**Task objective**
The answer must be an exact copy of the lines from the one containing "Butterfly And Red" through the end of the records, with the pictures left out.

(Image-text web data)
**********
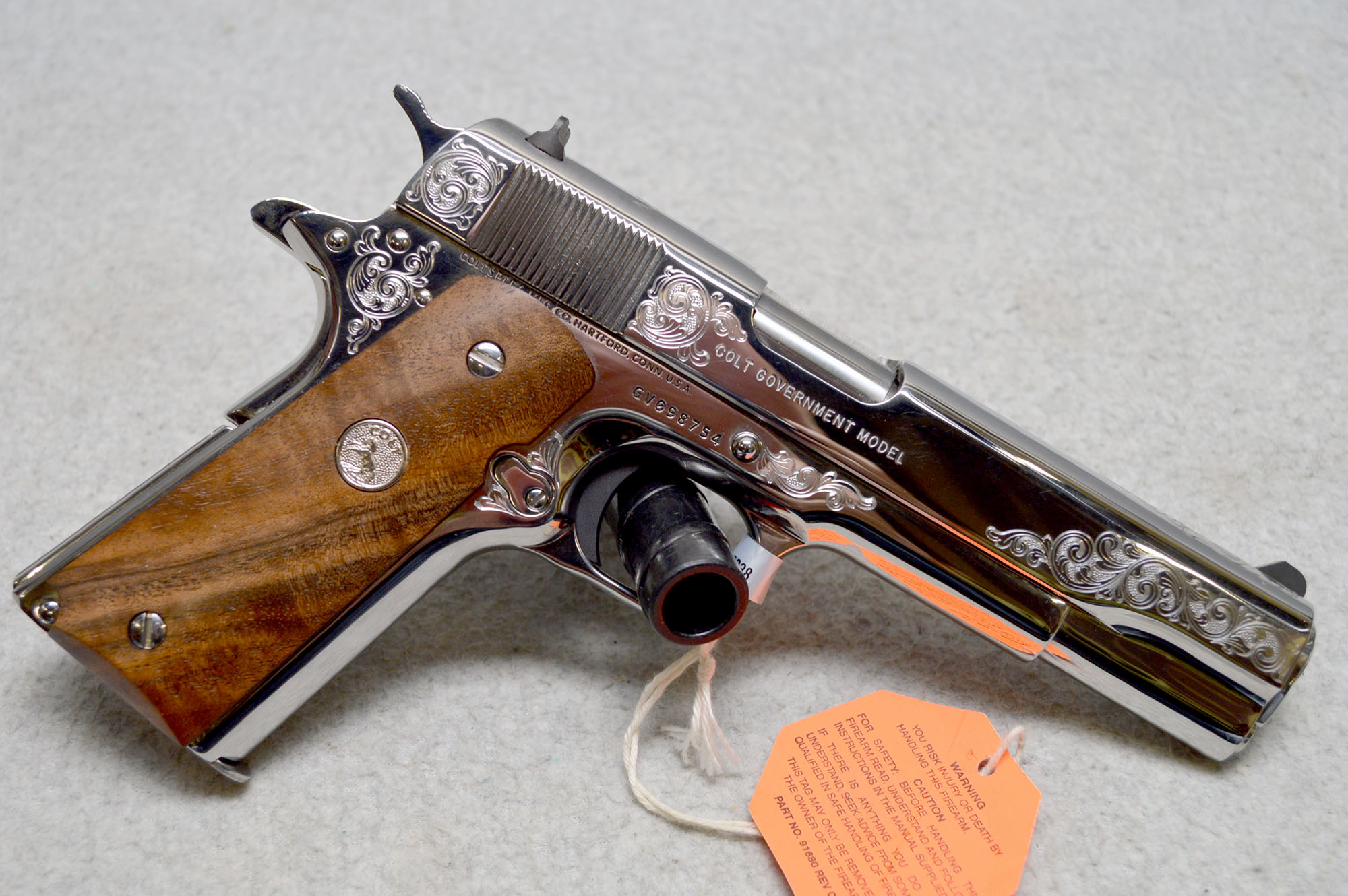 Image of Colt ~ Government Model Custom Shop Bright Stainless Engraved ~ .38 Super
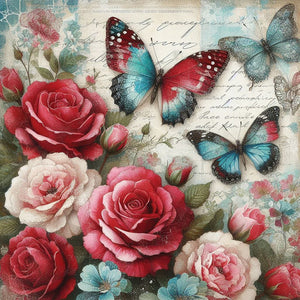 Butterfly And Red Rose-Full Round Diamond Painting-30x30cm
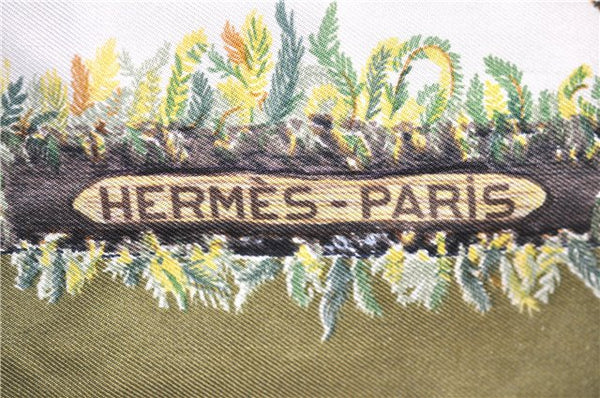 Authentic HERMES Carre 90 Scarf "Champignon" Silk Green 0109D
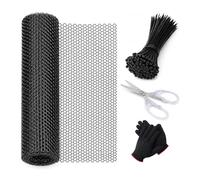 Plastic Chicken Wire Poultry Breeding Netting, 40cm x 3m Chicken Wire Mesh Roll with Cable Ties & Gloves, Plastic Mesh Fencing for Chicken Coops, Pet Fence, Yard Planting, Garden & Balcony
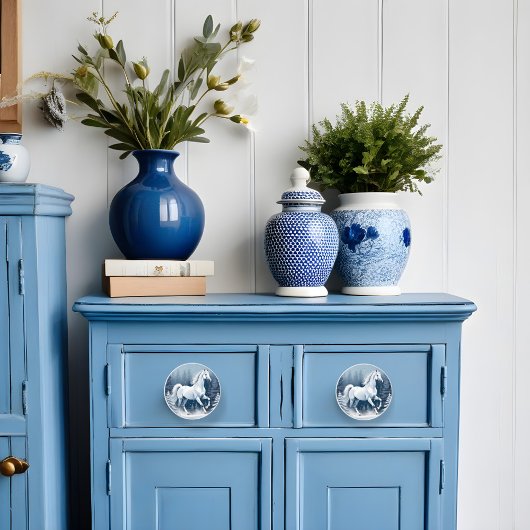 Magic White Winter Horse Keramikknauf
**********
**Output**
 Butterfly And Red Rose-Full Round Diamond Painting-30x30cm
 Authentic HERMES Carre 90 Scarf "Champignon" Silk Green 0109D
 Plastic Chicken Wire Poultry Breeding Netting, 40cm x 3m Chicken Wire Mesh Roll with Cable Ties & Gloves, Plastic Mesh Fencing for Chicken Coops, Pet Fence, Yard Planting, Garden & Balcony
 Magic White Winter Horse Keramikknauf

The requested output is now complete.